Personal Injury Settlements
The Small Business Job Protection Act of 1996 defines the rules of personal injury settlement cases, as of April 2011. Liability insurance often contains coverage for personal injuries, such as emotional distress, harassment and pain and suffering. Since 1996, all personal injury settlements are taxable unless they meet two criteria. To be tax-exempt, there must be a physical injury, and the award must be the result of a tort, or wrongful act. The rules that govern these criteria can be blurry, so consult an accountant, attorney or both if you receive a personal injury award.
Property insurance is generally supposed to restore your insured property to its pre-loss condition without resulting in a financial gain for you. Often, as with auto insurance, the maximum benefit you can receive is the actual value of the property.
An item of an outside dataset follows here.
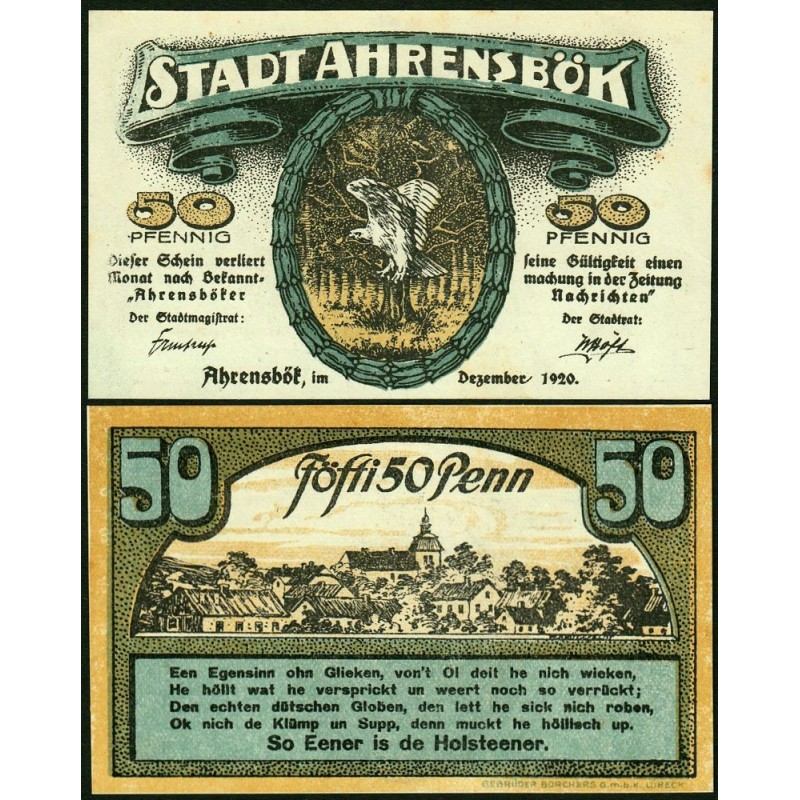 Allemagne - Notgeld - Ahrensbök - 50 pfennig - 12/1920 - Etat : SPL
Because property tends to depreciate in value, many people never receive more from a settlement than they invested in the property in the first place, and therefore there is no financial gain for the government to tax. If, however, you paid $150,000 for your home but received a $175,000 settlement, you could potentially owe taxes on the $25,000 that exceeds your initial investment, or cost basis, in the property.
Even if you receive enough money to have a financial gain from a property insurance settlement, you can typically avoid taxation by reinvesting the proceeds into the property. For example, if you use all the money from a home insurance settlement to repair your home, the government generally considers that an indemnity payment, meaning you simply restored your property from its damage. Your accountant can help you determine the best use of your settlement money.